The Democratic Party (, , ; ), commonly referred to as The Democrats, was a left-wing pro-independence political party formed in 1946 by Prince Sisowath Youtevong, who had previously been a member of the French Section of the Workers' International. It was the sole dominant party in Cambodia from 1946 until the creation of Sangkum in 1955.

Its slogan was "Peace, Independence, Discipline and Courage" and its electoral symbol an elephant's head and three lotus flowers.

In the colonial-era government
In the first elections to colonial Cambodia's Constituent Assembly, held in September 1946, the Democrats won 50 out of 67 seats, and for several years they remained the most popular party in Cambodia, despite Yuthevong's early death in 1947. The Democrats - in contrast to their rivals, the Liberal Party (Kanak Sereipheap) of Prince Norodom Norindeth and the Progressive Democrats led by Prince Norodom Montana - were in favour of immediate independence based on the model of French democracy; they also maintained that the Thai-sponsored Khmer Issarak resistance were patriots, thereby irritating the French.

The Party was to sweep the 1947 National Assembly elections, assisted by an enthusiastic team of activists (including a young Saloth Sar, later to become known as Pol Pot, and Ieng Sary). Other prominent figures associated with the Democrats in this period were centrist In Tam and leftist Hu Nim, another future Khmer Rouge cadre.

The defection of Yem Sambaur and several other deputies to the Liberals in 1948, and the subsequent assassination of Democrat leader Ieu Koeus in 1950 by a member of Norindeth's entourage, led to a period of fragmentation and division in the party. However, despite the temporary ascendancy of the Liberals, the Democrats continued to attract many members of the Khmer intellectual elite in the period leading up to and immediately following Cambodian independence in 1953, and retained particular support amongst civil servants and the urban educated classes. Son Ngoc Thanh, a former Prime Minister under the Japanese occupation, was also to join the Democrats between 1951 and 1952, when he left for the forests of northern Cambodia to start his own right-leaning independence movement.

Move leftwards and post-independence defeat

During 1954 the Party moved leftwards, under the influence of Paris-educated political radicals led by Keng Vannsak; Prince Norodom Phurissara became its secretary-general. At this stage its stance emphasised the importance of the 1954 Geneva Conference in guaranteeing independence and the undesirability of accepting American aid as a result (a position similar to that of the rival socialist Pracheachon party).

In 1955 King Norodom Sihanouk abdicated and set up his own anti-communist political movement, the Sangkum, in order to participate in the 1955 general elections; some prominent Democrats (such as Penn Nouth) left the party and joined Sihanouk. Keng Vannsak was fired at by government (i.e. Sangkum) agents at a rally on the eve of the poll, and jailed during the voting, while the party's office in Battambang was ransacked. The Democrats eventually gained 12% of the vote, while the Sangkum won 82% and all seats.
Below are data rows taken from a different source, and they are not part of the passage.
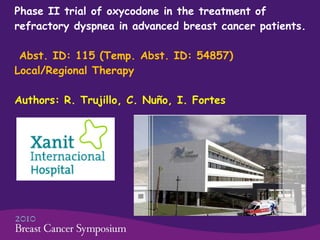 Phase II trial of oxycodone in the treatment of refractory dyspnea in advanced breast cancer patients.    Abst. ID: 115 (Temp. Abst. ID: 54857)  Local/Regional Therapy Authors: R. Trujillo, C. Nuño, I. Fortes 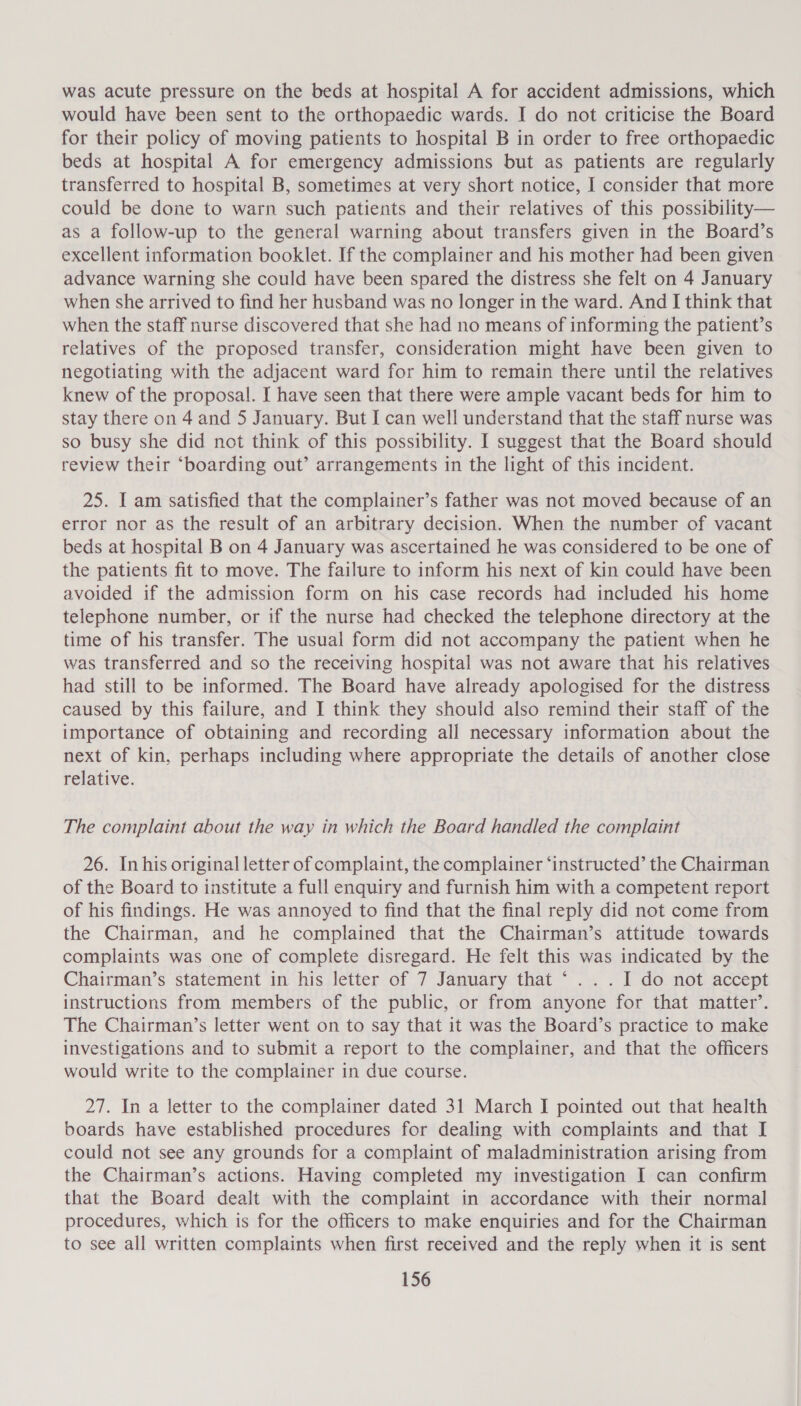 was acute pressure on the beds at hospital A for accident admissions, which would have been sent to the orthopaedic wards. I do not criticise the Board for their policy of moving patients to hospital B in order to free orthopaedic beds at hospital A for emergency admissions but as patients are regularly transferred to hospital B, sometimes at very short notice, I consider that more could be done to warn such patients and their relatives of this possibility— as a follow-up to the general warning about transfers given in the Board’s excellent information booklet. If the complainer and his mother had been given advance warning she could have been spared the distress she felt on 4 January when she arrived to find her husband was no longer in the ward. And I think that when the staff nurse discovered that she had no means of informing the patient’s relatives of the proposed transfer, consideration might have been given to negotiating with the adjacent ward for him to remain there until the relatives knew of the proposal. I have seen that there were ample vacant beds for him to stay there on 4and 5 January. But I can well understand that the staff nurse was so busy she did not think of this possibility. I suggest that the Board should review their ‘boarding out’ arrangements in the light of this incident. 25. I am satisfied that the complainer’s father was not moved because of an error nor as the result of an arbitrary decision. When the number of vacant beds at hospital B on 4 January was ascertained he was considered to be one of the patients fit to move. The failure to inform his next of kin could have been avoided if the admission form on his case records had included his home telephone number, or if the nurse had checked the telephone directory at the time of his transfer. The usual form did not accompany the patient when he was transferred and so the receiving hospital was not aware that his relatives had still to be informed. The Board have already apologised for the distress caused by this failure, and I think they should also remind their staff of the importance of obtaining and recording all necessary information about the next of kin, perhaps including where appropriate the details of another close relative. The complaint about the way in which the Board handled the complaint 26. Inhis original letter of complaint, the complainer ‘instructed’ the Chairman of the Board to institute a full enquiry and furnish him with a competent report of his findings. He was annoyed to find that the final reply did not come from the Chairman, and he complained that the Chairman’s attitude towards complaints was one of complete disregard. He felt this was indicated by the Chairman’s statement in his letter of 7 January that ° .. . I do not accept instructions from members of the public, or from anyone for that matter’. The Chairman’s letter went on to say that it was the Board’s practice to make investigations and to submit a report to the complainer, and that the officers would write to the complainer in due course. 27. In a letter to the complainer dated 31 March I pointed out that health boards have established procedures for dealing with complaints and that I could not see any grounds for a complaint of maladministration arising from the Chairman’s actions. Having completed my investigation I can confirm that the Board dealt with the complaint in accordance with their normal procedures, which is for the officers to make enquiries and for the Chairman to see all written complaints when first received and the reply when it is sent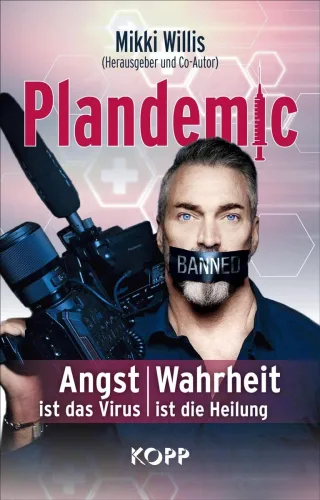 Plandemic: Angst ist das Virus Wahrheit ist die Heilung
In August 1957, the Democratic Party dissolved itself. According to notes left by Prince Sisowath Monireth, this happened after the remaining leaders were called for a "friendly conference" with Sihanouk and were beaten up by Lon Nol's police on departure.

Re-establishment by In Tam

After Lon Nol deposed Sihanouk in the Cambodian coup of 1970, and the subsequent establishment of the Khmer Republic, the Democratic Party was re-established by In Tam who was one of the coup leaders. However, the manipulation of the 1972 parliamentary elections by Nol and his brother Lon Non meant that the Democrats refused to participate. In Tam was later to retire from politics, the Party being led by Chau Sau; during this period it also made overtures to exiled politician Son Sann. The Democrats, however, gained no further political power before the Khmer Republic itself collapsed in 1975, and the Khmer Rouge established Democratic Kampuchea.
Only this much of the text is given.